CML diz que projeto passa a ter “relevância social e económica”
Em declarações ao ECO, a vereadora do PCP na CML, Ana Jara, aponta várias informações omissas no projeto. “Este processo é esvaziado de detalhes sobre uma série de questões… garantia de preservação do património classificado, arrendamento dos lojistas atuais, impacto de uma grande superfície no comércio local”, diz, justificando o voto contra que foi dado na reunião de Câmara.
Outra das preocupações tem a ver com o trânsito naquela avenida, que é uma das mais concorridas da cidade de Lisboa.
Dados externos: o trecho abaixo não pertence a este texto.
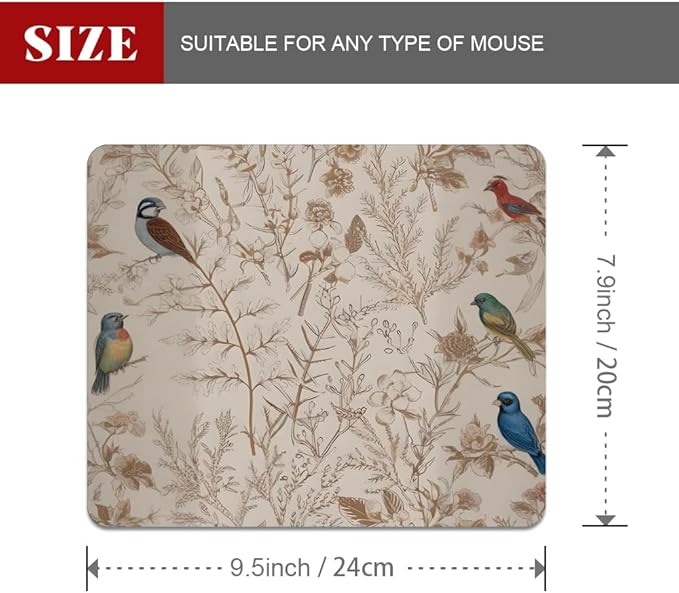 Beige Garden Neutral Floral Square Mouse pad, Waterproof, Anti Slip Rubber Base - Image 2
A entrada para o supermercado está prevista acontecer pelas traseiras do edifício, o que levanta dúvidas quanto à descarga de mercadorias que será feita diariamente. “As ciclovias, a ‘cidade em 15 minutos’ [em termos de fáceis acessos e pouco trânsito]… nada disto será vertido quando se licencia um supermercado deste tamanho num edifício tão icónico dentro desta avenida“, afirma Ana Jara, acrescentando que “isto vai ter repercussões no comércio local”.
Para a vereadora comunista, deve olhar-se para este edifício com foco nas “questões sociais e locais”, naquilo que “a Câmara entende que deve ser uma cidade” e “não no que o promotor quer”. “O edifício deveria ser cuidadosamente restaurado e ter um uso mais do ponto de vista social”, defende, acrescentando: “Para que a cidade de 15 minutos comece a acontecer é necessário começar a programar os seus usos”.
Questionada pelo ECO, fonte oficial da CML refere que o projeto “permite reabilitar e salvaguardar o património cultural edificado”. “Acresce que os pequenos supermercados de bairro, de várias insígnias, permitem o acesso a pé aos moradores, o que tem especial interesse sobretudo para os mais idosos que ficam com uma oferta comercial mais variada e acessível”.
Sobre os impactos para o tráfego na zona, a autarquia comenta que “a questão das cargas e descargas foi devidamente acautelada” de forma a que “não ocorram situações de congestionamento na via pública”. Trata-se de um “projeto que permite reabilitar mais um edifício com interesse patrimonial, que passa a ter uma utilização com relevância social e económica e que dará a origem a mais postos de trabalho na cidade de Lisboa“.
O ECO questionou também a Sonae MC para perceber mais detalhes sobre o projeto, nomeadamente o investimento previsto e datas para as obras, mas a empresa respondeu apenas que “está sempre disponível para avaliar novas localizações para as suas lojas, mantendo a identidade e a história dos edifícios que adquire ou arrenda” e que neste momento “é ainda prematuro dar mais informação sobre este tema”.
Os terrenos onde a Garagem Liz está pertenciam à Condessa de Geraz de Lisboa. No final de 1887, foi inaugurado naqueles terrenos o Teatro Circo Real Coliseu de Lisboa e, em 1917, o edifício foi arrendado à Administração dos Correios e Telégrafos, lê-se no site da DGPC. Em 1926, o edifício foi demolido e em 1933, a empresa J. Caldas entregou na CML o pedido de construção da Garagem Liz.